BENNINGTON -- The victims in more than half of reported sex crimes in Bennington County over the past two years suffer from disabilities, and this has spurred a collaborative group of advocates to seek funding to educate this vulnerable population.
Over 50 percent
Deputy State's Attorney Christina Rainville is spearheading the application process to secure up to $500,000 over three years from the U.S. Department of Justice. Area schools and the Bennington County Child Advocacy Center are also joining in the application process.
If the county receives the highly competitive grant, Rainville said the funds would be used to hire special educators to develop a curriculum and educate teens and adults with disabilities about sexual abuse.
Two years ago the state's attorney's office started tracking the number of sex crime victims with disabilities after believing the number was disproportionally high for years.
"It's well over 50 percent," said Rainville, who prosecutes sex crimes in the county.
The numbers are even more alarming when it comes to male victims. "Nearly 100 percent of boys and men who have been victims in these cases in the last five years have had disabilities," she said.
"When I meet with these children the thing that always overwhelms me is every single one says I didn't know what to do," Rainville told the Arlington School District board last week as she sought the district's partnership.
"These kids know what to do if there's a fire. If I ask them ‘what do you do if there's a fire? They say ‘oh, you call 911, you leave the building.' They know it down pat. We can teach them to say no, to get out of the room and to tell. That's the basic skills we want to (teach)," Rainville said.
In recognition that school districts are financially strapped, Rainville has been in search of grants so the sex crime education can be brought to schools at no cost to taxpayers.
Arlington and Manchester Elementary/Middle School both agreed to partner in the application process, and Rainville said she also expects to ask Mount Anthony Union middle and high schools and some agencies that serve adults with disabilities before the application deadline next month. The grant must be used to educate individuals older than 13.
Rainville is relying on partnering schools to help with the application process because teachers are most aware of what resources and time commitments will be needed for students to absorb the information.
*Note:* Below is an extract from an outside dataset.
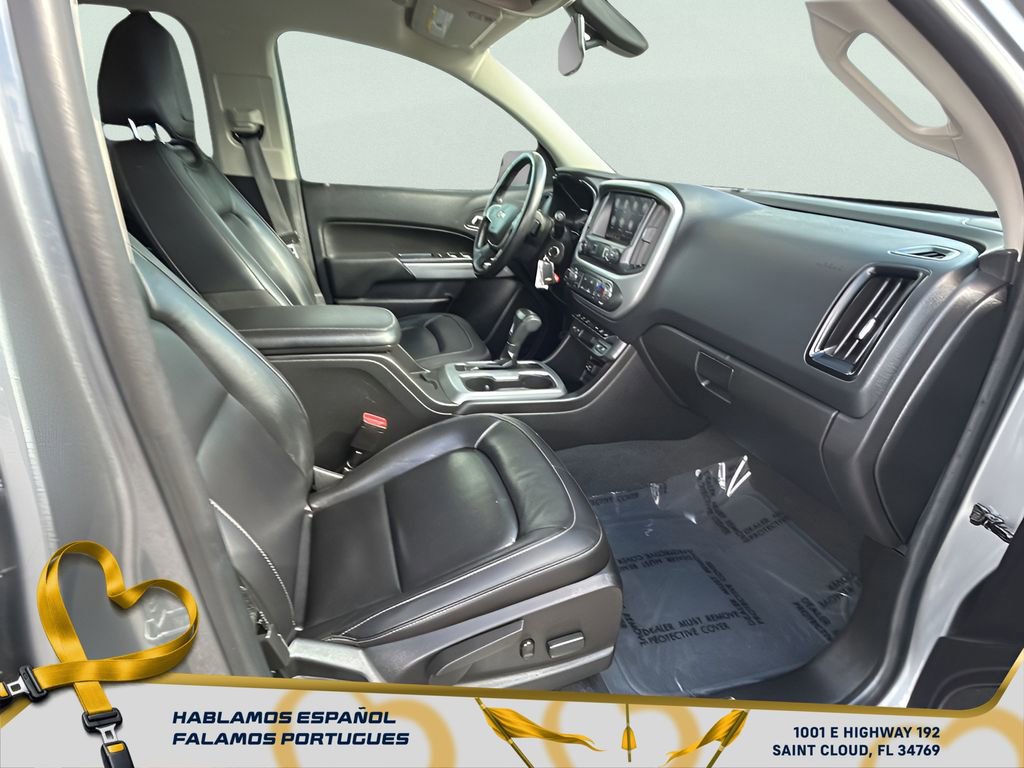 Used 2021 Chevrolet Colorado ZR2 image 32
"Our hope is we'll apply with four or five schools ... get the grant and over a three-year period expand the program so it includes every school in the county," she said.
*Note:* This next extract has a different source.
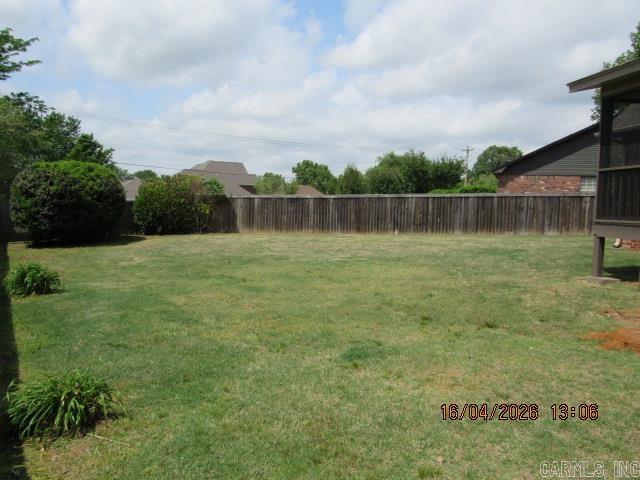 100 Bedford Circle  Conway, AR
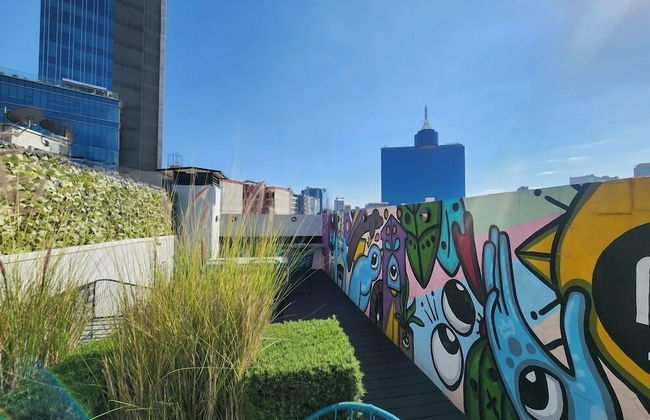 NIU Modern Apartments near WTC & Condesa - Roma Sur - Foto 71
Arlington Memorial Middle and High School Principal Kerry Csizmesia called the effort "long overdue and welcomed," and the school board showed similar support.
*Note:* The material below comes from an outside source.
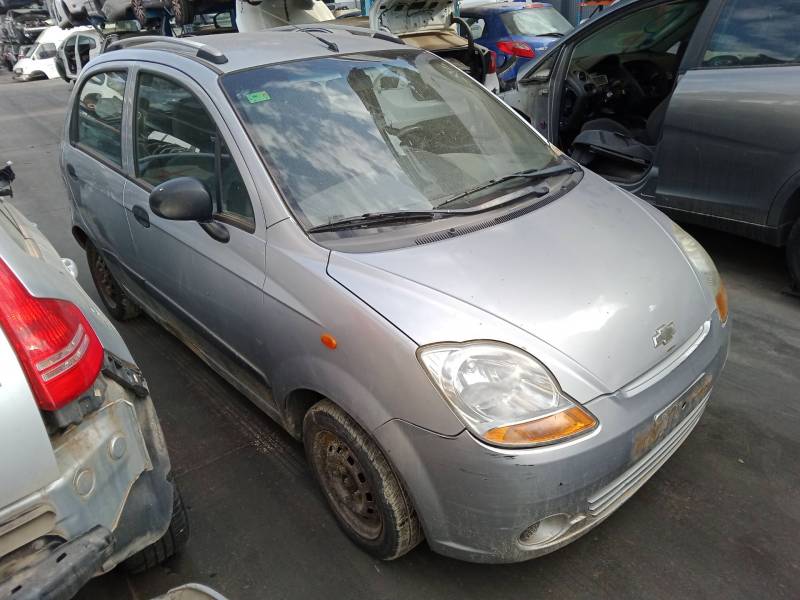 CHEVROLET MATIZ (M200, M250)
Chairman Todd Wilkins, who works in the special victims unit of the Vermont State Police in Rutland, said the majority of victims he sees have special needs.
"It's a significant problem. One of the biggest issues we face is these kids knowing what consent is and knowing when to say no," Wilkins said. "There's a significant lack of education and I think it's our jobs to enforce that and teach it."
Recipients for the grant will be announced in May. Rainville said even if this effort is unsuccessful she will continue seeking funds to support educational programs in schools.